To Starve the Flesh and Feed the Spirit

by John Mark Comer

 

Begin with prayer (5 minutes)

Gather together as a Community in a comfortable setting (around a table, on the couch, the floor of a living room, etc.). Have somebody lead a prayer asking the Holy Spirit to lead and guide your time together. 

 

Read this Overview 

Fasting is one of the most abused and least used of all the spiritual disciplines. Yet for millennia, it has been a core practice for apprenticeship to Jesus. All the great heroes of the Old Testament fasted. The first story we read about Jesus’ adult life is of him fasting for forty days and nights, like Moses and Elijah before him. The central characters of the New Testament continued this practice, as did the early church, which fasted twice a week - every Wednesday and Friday - for over a millennia. It’s not until quite recently that fasting fell out of favor. 
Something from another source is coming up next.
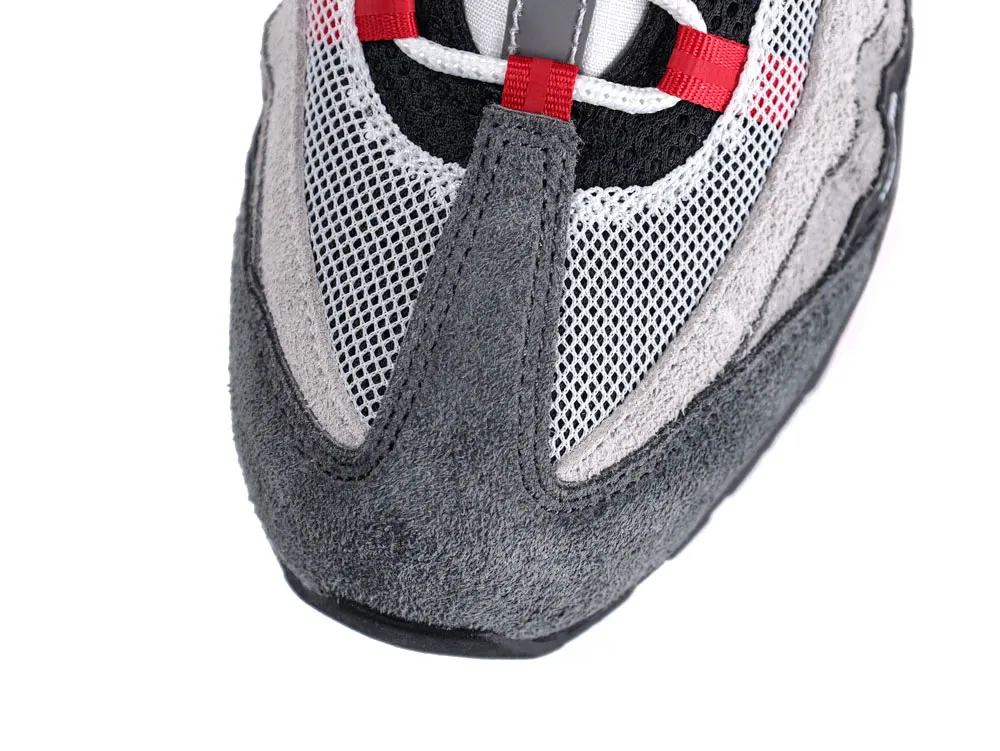 Gray suede sneaker with white mesh and red accents on the toe.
And that comes as no surprise. We live in a culture not only of food, but of excess and luxury and addiction to what pyschologists call “the pleasure principle.” Yet for so many of us, the desires of our body have come to hold power over us. In the battle with our “flesh,” we have become its slave, not its master. 

Fasting is an ancient Christian discipline to break the power of the flesh in our life – our desires, sins, and cravings – and to feed on the Holy Spirit. 

Like all the spiritual disciplines, it’s really easy to lose sight of the “why” behind fasting. So this series will focus less on tips and tecniques, and more on the right motivation. There are three major motivations for fasting in biblical theology, and we will spend the next few weeks working through them. Tonight we will focus on the flesh and the Spirit. 

 

Read over this coming week’s Practice as a Community (10 minutes)

Here’s the Practice for tonight and this coming week:

  • Set aside a day to fast. We recommend that your Community fasts together starting on the night you meet, but it’s up to you. 
  • Pick a time to end the fast. Our recommendation is that your Community starts your fast with your weekly meal tonight and goes through lunch tomorrow. Another option is the “regular” fast, which goes from sunup to sundown, about twelve hours – so you would skip breakfast and lunch and then eat a late dinner. You can make your fast longer by skipping more meals (perhaps fasting for a full twenty-four hours), or shorter by breaking your fast at noon or 3pm. Again, it’s your call. 
  • As you fast on the day you decide, each time you feel a hunger pain or think about food or take a lunch break (with no lunch!), use it as a prompt for prayer. Turn your heart to God and ask him to starve your flesh and feed your Spirit. Use your imagination to “see” yourself drawing strength from God himself. 
  • If you want a “value added” experience, here are three other things you can do:
    1. Break a Habit – Identify a specify sin or habit or pattern in your “flesh” that you want to break. Spend the day in prayer for freedom in that area. 
    2. Journal – Take a little time for self-reflection. Get your journal out or go for a walk and think about what this Practice is revealing about you. Richard Foster said, “Fasting reveals the things that control us.” If you just feel “hangry” all day, or if you can’t make it more than a few hours, ask yourself, “Why do I feel this way?” Treat yourself compassionately, as God does, yet honestly as well. Remember: the point isn’t a guilt trip but freedom. 
    3. Read Scripture – “Feed” on the word of God, like Jesus did in the wilderness. 
  • Come together as a Community next week to talk about your experience and pray together. Again, we recommend you begin your fast by skipping your regular meal and spend the time you are usually eating by praying together. But that’s up to you! 

 

Work through these discussion questions (10-15 minutes) 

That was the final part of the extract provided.